__Aim of the exercise__.
Set down the data below without change, skipping the pictures it holds.

__Given information__.
++++
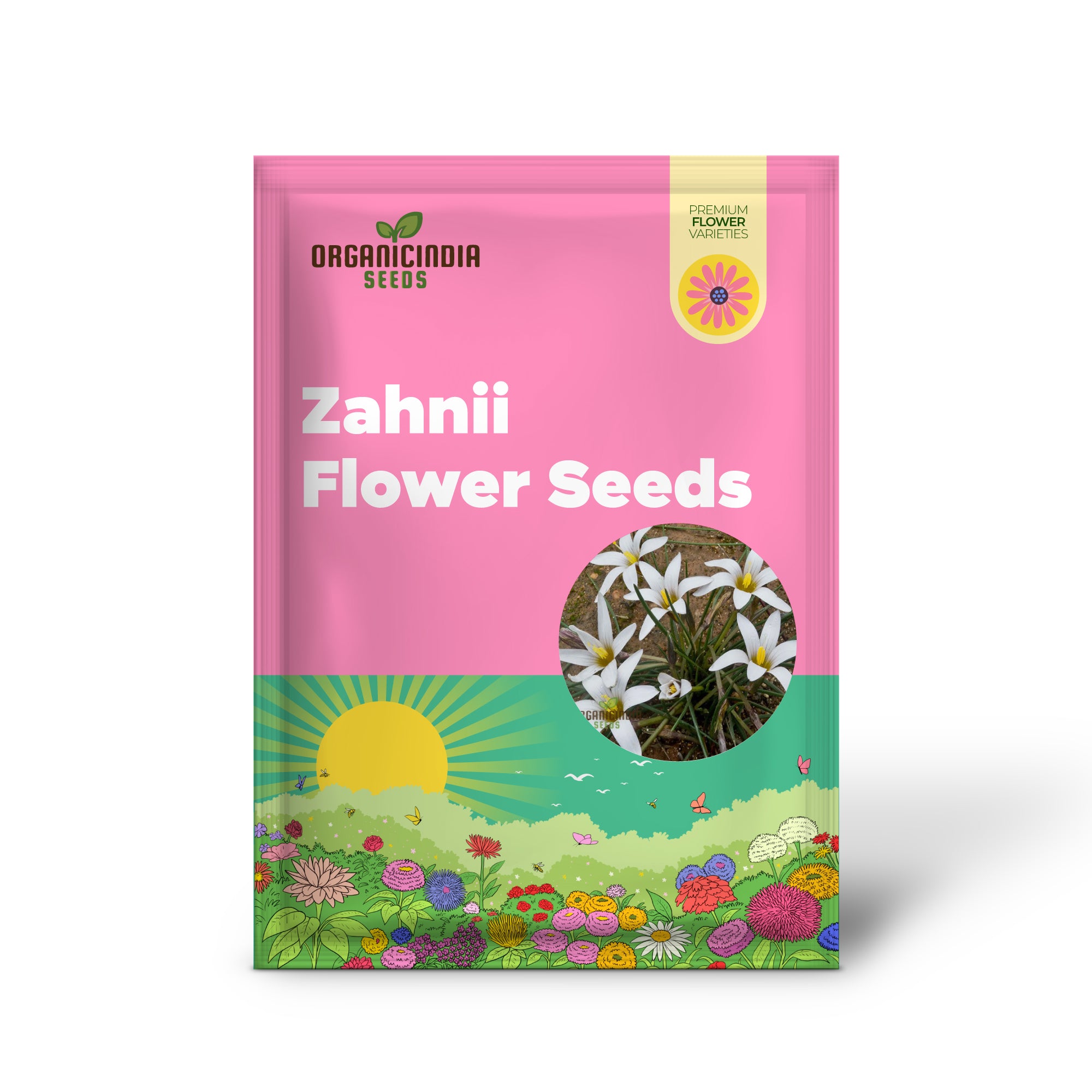 Graines de fleurs de Romulea Zahnii à planter, cultiver des fleurs rares et élégantes pour votre jardin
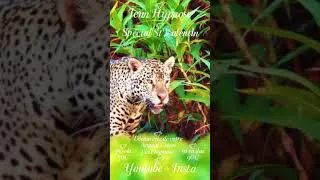 Miniature : Spécial St Valentin 💗 Animal Totem
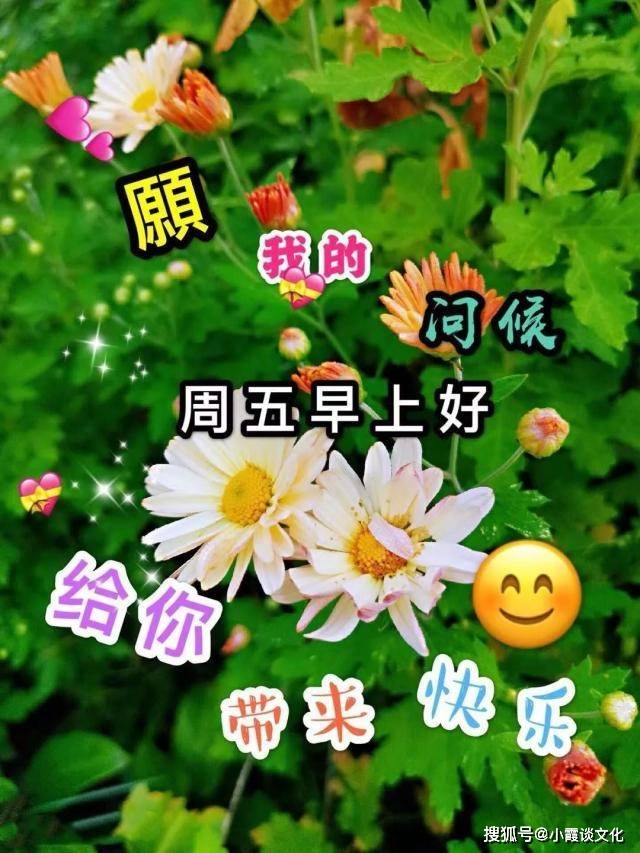 原创周五早上好送你暖心的祝福美图带字带问候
++++
__Your solution__.
 Graines de fleurs de Romulea Zahnii à planter, cultiver des fleurs rares et élégantes pour votre jardin
 Miniature : Spécial St Valentin 💗 Animal Totem
 原创周五早上好送你暖心的祝福美图带字带问候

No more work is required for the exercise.